Advocacy Week 2026 is a wrap. Before we move into next steps, we want to report back on the week: what we set out to do, what we pulled off, what we heard back, and where things stand now.

What happened during Advocacy Week:

In coordination with #MEAction, with input from the Open Medicine Foundation and Bateman Horne, we ran three tracks simultaneously this year: outreach to patient safety & regulatory agencies; state medical board and chief medical officer outreach; and federal appropriations budget advocacy. Here’s what we accomplished across all three:

  • 497 people signed up to participate in Advocacy Week
  • 118 letters were sent to Patient Safety and Regulatory Agencies across 30 states and reported back to us, formally documenting the links between a lack of medical education about ME/CFS and patient safety and healthcare quality issues.
  • 561 people signed onto our community letters to both individual State Medical Boards and the national Federations of State Medical Boards. The forms are now closed, and we emailed the letters and sent physical copies in the mail.
  • 42 medical professionals signed onto our Chief Medical Officer outreach letters
  • 918 community members took federal action, with 2,516 individuals reaching out to Senators and Representatives during a critical federal funding window.

Our asks this year were:

  • To keep ME/CFS as an eligible topic area in the Congressionally Directed Medical Research Project (CDMRP)
  • To provide at least $50 million in funding for the implementation of the NIH ME/CFS Research Roadmap
  • To increase funding for the CDC’s ME/CFS program to $15.4 million.

 

State Level Efforts:

Responses have started coming in from agencies across 28 states. The most common answer wasn’t a yes or a no to our requests– it was a referral. Agencies in Alabama, Arizona, California, Colorado, Maine, Maryland, Michigan, Minnesota, New Hampshire, Oregon, Rhode Island, Washington, and West Virginia pointed us toward their State Medical Boards. Several additional states directed us towards either their state medical associations, or occasionally third-party umbrella organizations that manage patient advocacy for their state.

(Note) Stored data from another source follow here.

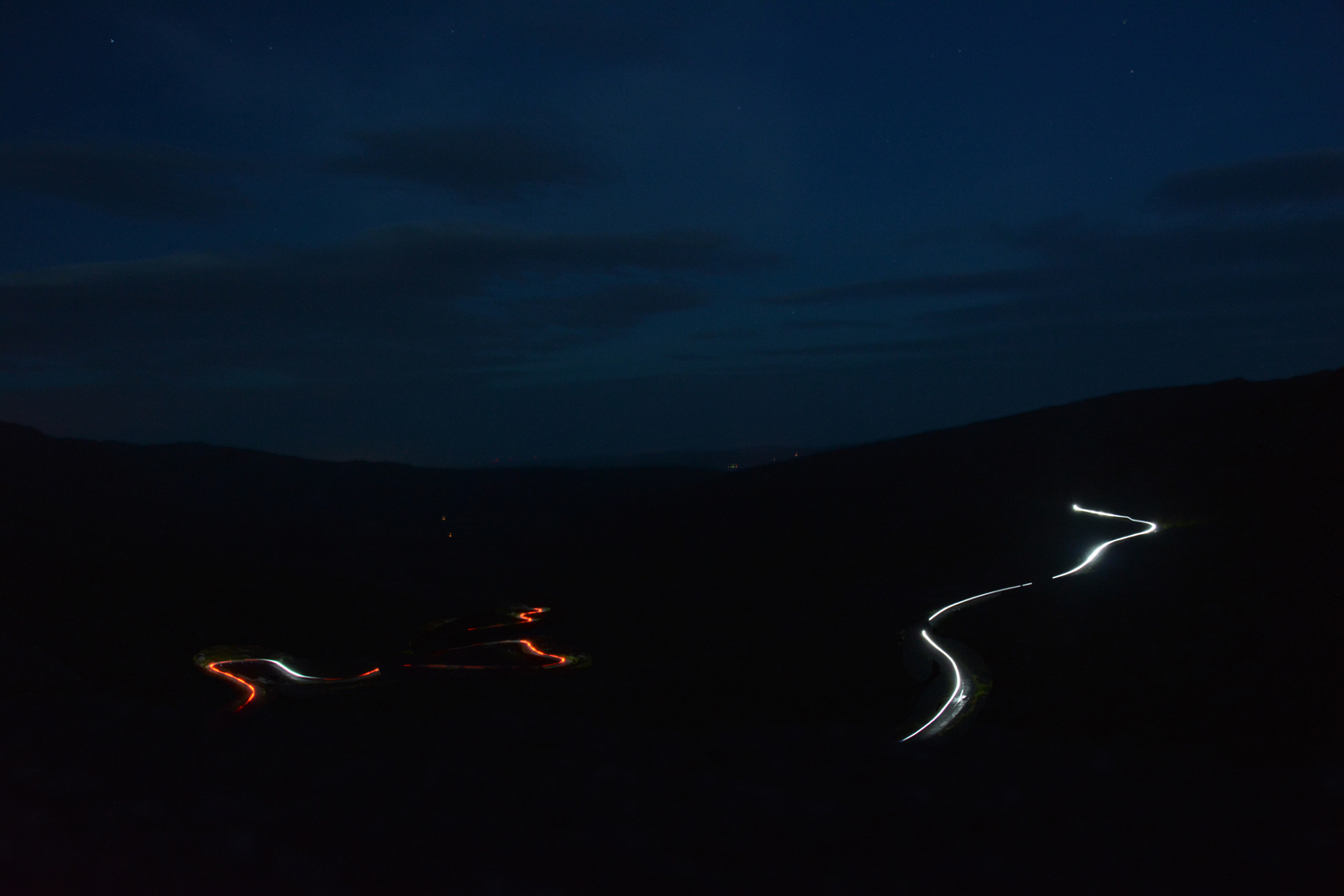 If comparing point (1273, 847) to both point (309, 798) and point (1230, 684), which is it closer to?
point (1230, 684)

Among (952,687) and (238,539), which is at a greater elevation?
(238,539)

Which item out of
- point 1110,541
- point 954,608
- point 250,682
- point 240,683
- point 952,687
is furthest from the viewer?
point 1110,541

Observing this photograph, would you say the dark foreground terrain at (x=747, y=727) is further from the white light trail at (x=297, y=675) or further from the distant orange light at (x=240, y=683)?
the white light trail at (x=297, y=675)

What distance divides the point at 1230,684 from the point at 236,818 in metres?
11.9

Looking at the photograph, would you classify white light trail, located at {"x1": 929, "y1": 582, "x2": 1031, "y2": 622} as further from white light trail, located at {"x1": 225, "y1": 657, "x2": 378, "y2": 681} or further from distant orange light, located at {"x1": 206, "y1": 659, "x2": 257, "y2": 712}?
distant orange light, located at {"x1": 206, "y1": 659, "x2": 257, "y2": 712}

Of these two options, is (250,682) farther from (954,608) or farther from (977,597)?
(977,597)

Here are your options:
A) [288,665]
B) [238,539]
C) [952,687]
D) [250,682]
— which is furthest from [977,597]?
[238,539]

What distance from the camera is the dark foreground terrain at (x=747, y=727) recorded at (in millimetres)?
6879

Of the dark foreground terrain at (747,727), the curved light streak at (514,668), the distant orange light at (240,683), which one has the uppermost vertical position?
the dark foreground terrain at (747,727)

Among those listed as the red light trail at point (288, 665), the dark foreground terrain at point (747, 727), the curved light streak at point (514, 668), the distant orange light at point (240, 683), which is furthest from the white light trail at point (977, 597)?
the distant orange light at point (240, 683)

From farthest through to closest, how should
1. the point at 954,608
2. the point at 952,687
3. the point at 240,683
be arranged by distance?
1. the point at 954,608
2. the point at 240,683
3. the point at 952,687

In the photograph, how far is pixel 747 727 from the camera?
11695mm

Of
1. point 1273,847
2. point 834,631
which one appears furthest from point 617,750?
point 834,631

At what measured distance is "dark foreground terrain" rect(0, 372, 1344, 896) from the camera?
688 cm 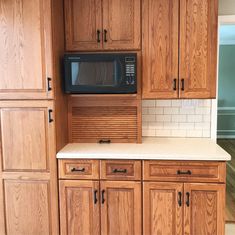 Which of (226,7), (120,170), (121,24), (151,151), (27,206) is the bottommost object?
(27,206)

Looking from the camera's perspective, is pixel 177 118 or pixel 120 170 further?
pixel 177 118

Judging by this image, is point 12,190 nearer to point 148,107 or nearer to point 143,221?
point 143,221

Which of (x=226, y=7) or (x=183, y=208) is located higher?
(x=226, y=7)

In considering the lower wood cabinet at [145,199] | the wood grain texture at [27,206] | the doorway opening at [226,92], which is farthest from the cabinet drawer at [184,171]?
the doorway opening at [226,92]

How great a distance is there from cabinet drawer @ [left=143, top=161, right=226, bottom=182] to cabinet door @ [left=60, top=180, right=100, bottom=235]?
0.45 m

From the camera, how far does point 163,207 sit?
2.16 metres

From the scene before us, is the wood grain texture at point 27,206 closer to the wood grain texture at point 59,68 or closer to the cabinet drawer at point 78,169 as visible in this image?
the cabinet drawer at point 78,169

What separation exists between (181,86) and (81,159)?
Answer: 1.03 metres

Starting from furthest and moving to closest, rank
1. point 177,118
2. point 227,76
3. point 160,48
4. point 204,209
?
point 227,76, point 177,118, point 160,48, point 204,209

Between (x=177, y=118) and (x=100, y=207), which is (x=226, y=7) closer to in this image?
(x=177, y=118)

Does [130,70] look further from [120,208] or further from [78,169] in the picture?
[120,208]

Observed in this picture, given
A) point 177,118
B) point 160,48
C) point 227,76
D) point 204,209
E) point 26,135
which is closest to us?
point 204,209

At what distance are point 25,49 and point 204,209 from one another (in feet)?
6.11

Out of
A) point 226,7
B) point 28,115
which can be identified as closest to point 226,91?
point 226,7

This is useful information. It provides us documented pathways and, in many cases, exactly the written warm introduction we need for the next wave of outreach. This is particularly important because state medical boards directed us to go through formal patient safety and regulatory agency complaint channels in the past. We did that, and now we have the grounds to say: we have been informed that you ARE the people we need to talk to. So let’s talk!

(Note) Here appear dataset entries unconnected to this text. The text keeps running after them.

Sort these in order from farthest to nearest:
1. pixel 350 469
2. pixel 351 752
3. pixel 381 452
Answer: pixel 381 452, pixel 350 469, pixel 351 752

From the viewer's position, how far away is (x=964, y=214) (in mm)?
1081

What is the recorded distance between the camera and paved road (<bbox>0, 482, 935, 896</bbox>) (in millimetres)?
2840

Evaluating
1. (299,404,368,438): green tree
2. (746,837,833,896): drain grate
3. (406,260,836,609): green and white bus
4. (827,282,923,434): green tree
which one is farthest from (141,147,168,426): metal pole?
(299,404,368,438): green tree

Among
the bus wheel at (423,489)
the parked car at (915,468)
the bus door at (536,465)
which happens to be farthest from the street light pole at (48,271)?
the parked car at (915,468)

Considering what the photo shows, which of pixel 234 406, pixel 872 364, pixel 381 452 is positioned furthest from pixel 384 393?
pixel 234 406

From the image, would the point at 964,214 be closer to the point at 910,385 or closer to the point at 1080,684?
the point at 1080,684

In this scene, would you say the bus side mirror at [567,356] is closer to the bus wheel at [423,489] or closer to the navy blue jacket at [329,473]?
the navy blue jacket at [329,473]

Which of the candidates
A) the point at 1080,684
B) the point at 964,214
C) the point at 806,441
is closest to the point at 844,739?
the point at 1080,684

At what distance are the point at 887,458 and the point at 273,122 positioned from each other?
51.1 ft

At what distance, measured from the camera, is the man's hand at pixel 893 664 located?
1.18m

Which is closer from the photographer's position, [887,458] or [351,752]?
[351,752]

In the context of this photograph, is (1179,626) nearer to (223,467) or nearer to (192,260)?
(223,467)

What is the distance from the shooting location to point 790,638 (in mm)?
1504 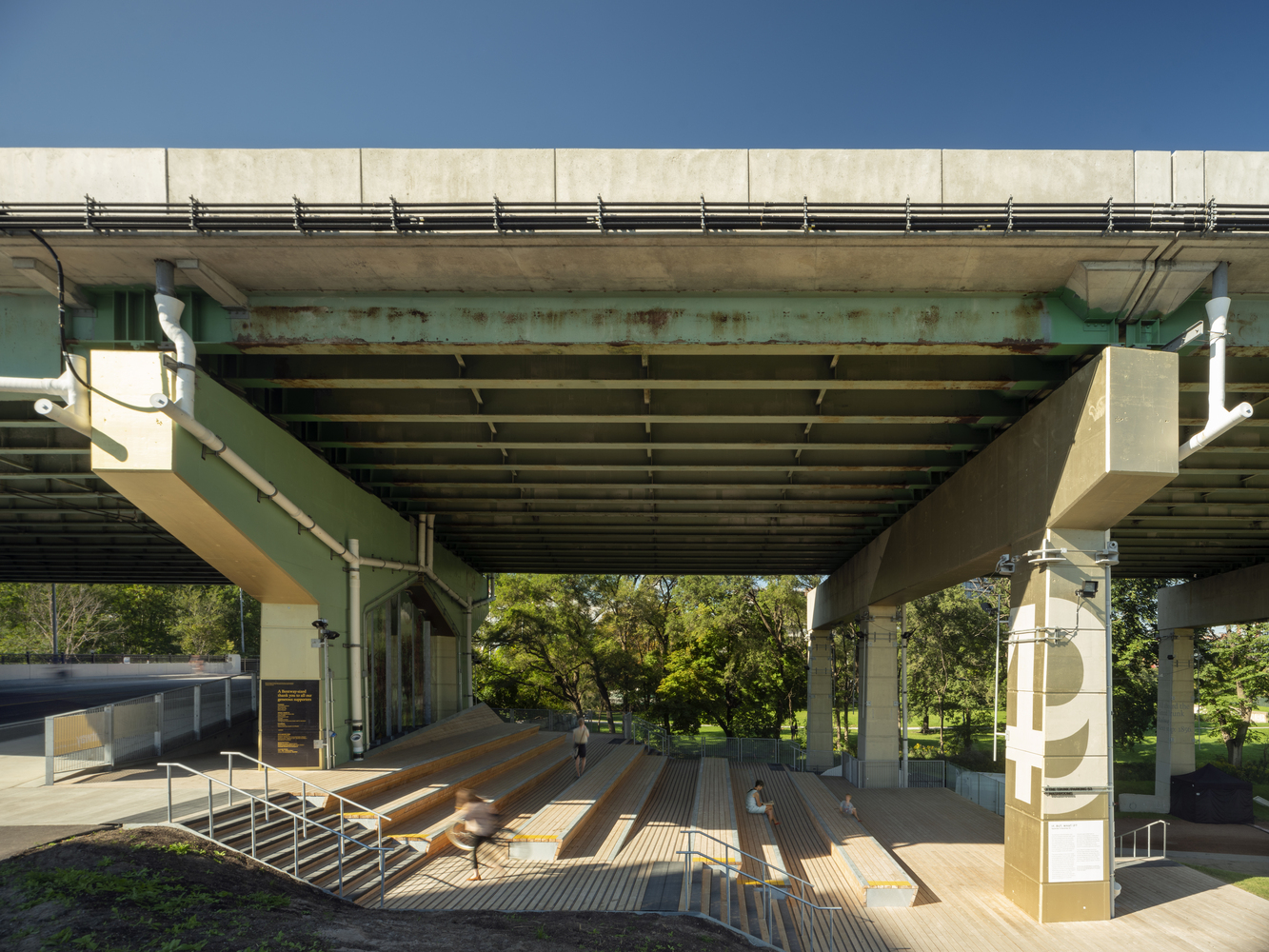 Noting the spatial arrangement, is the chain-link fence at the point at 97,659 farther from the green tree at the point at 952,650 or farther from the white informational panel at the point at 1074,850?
the white informational panel at the point at 1074,850

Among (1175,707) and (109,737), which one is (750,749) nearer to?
(1175,707)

The standout response was Vermont’s. The Vermont Department of Public Health reached out and we were able to hold a meeting on April 13. During that meeting, we received approval to help update Vermont’s Department of Health ME/CFS page, and one of our community advocates in Vermont is holding a follow up meeting with their State Health Commissioner. #MEAction created and presented a draft update for Vermont along with a separate page oriented to medical providers that we may be able to use as a model for other states.

Additionally, our President and CEO, Emily Taylor, received a personal phone call from the Ema, the Director of the Sacramento office. During the chat, they discussed the overwhelming response, potential allies, and next steps.


Federal Level Efforts:

This year’s big win is that we were able to convince a Senate champion to take on an additional request to fund the NIH ME/CFS Research Roadmap for at least $50 million. Sen. Ed Markey’s office has been a long term champion for our community, but an extra $50 million is not a tiny ask. We asked and their office agreed to carry it for us. We are so grateful to them!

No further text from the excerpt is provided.